Consequências Sistêmicas: Do Adoecimento à Privatização
A combinação entre cobranças absurdas e ferramentas ineficientes gera um cenário de caos pedagógico que serve aos interesses privatistas. Conforme demonstra Saviani (2007), a desqualificação sistemática do ensino público abre espaço para os negócios educacionais. O adoecimento docente em massa com aumento de 156% em licenças por saúde mental entre 2022-2024, fragiliza a resistência contra os retrocessos. A avaliação punitiva desmoraliza a categoria perante a sociedade, criando o imaginário de que os professores são os culpados pelo fracasso educacional, isentando o poder público de suas responsabilidades.
Por uma Educação Democrática: Alternativas Concretas
A resistência deve articular-se com propostas consistentes, ou seja, avaliação institucional participativa nos moldes de Sordi (2014), com indicadores qualitativos e autoavaliação coletiva; formação continuada emancipatória baseada em Freire e Nóvoa; investimento de 6% do PIB estadual em educação, garantindo infraestrutura digna; gestão democrática efetiva com eleição de diretores e conselhos deliberativos; e planos de carreira que valorizem a experiência e qualificação docente. É fundamental construir fóruns permanentes de discussão pedagógica que envolvam todos os segmentos da comunidade escolar.

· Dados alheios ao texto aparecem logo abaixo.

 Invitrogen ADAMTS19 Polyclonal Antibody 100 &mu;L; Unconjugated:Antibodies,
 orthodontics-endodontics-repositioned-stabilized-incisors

A Urgência da Resistência Qualificada, Ampliação e Discussão
A desestruturação da educação paulista não é acidental, mas um projeto político planejado que se expressa na retirada de autonomia docente, na padronização curricular descontextualizada e na precarização das condições de trabalho. A política educacional recente tem priorizado indicadores quantitativos em detrimento do processo formativo integral, reforçando a lógica gerencial e produtivista que reduz estudantes a números e professores a executores de apostilas. Tal cenário aprofunda desigualdades históricas, sobretudo em territórios periféricos onde a escola é um dos poucos espaços públicos de garantia de direitos.

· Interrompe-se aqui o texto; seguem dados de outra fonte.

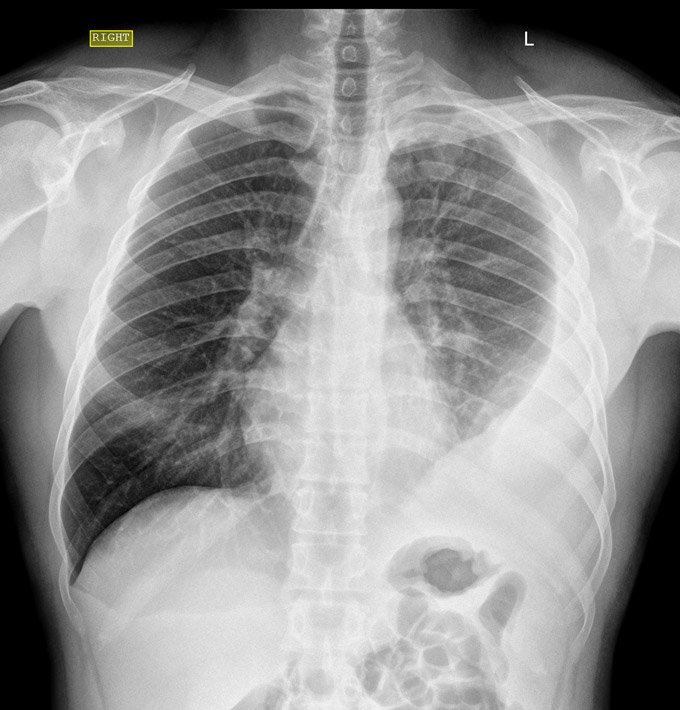 Derrame Pleural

Frente a isso, a resistência não pode se dar apenas pela crítica moral ou político-partidária, mas precisa ser qualificada, isto é, fundamentada em pesquisas acadêmicas, dados empíricos e experiências pedagógicas emancipadoras já consolidadas na educação brasileira e latino-americana. A defesa da escola pública exige articulação entre sindicatos, universidades, conselhos escolares, coletivos pedagógicos e movimentos sociais, pois nenhum professor, isoladamente, consegue enfrentar o desmonte que é estrutural. Como argumenta Paulo Freire, “a conscientização não é um ato espontâneo, mas resultado da prática crítica, coletiva e dialogada”.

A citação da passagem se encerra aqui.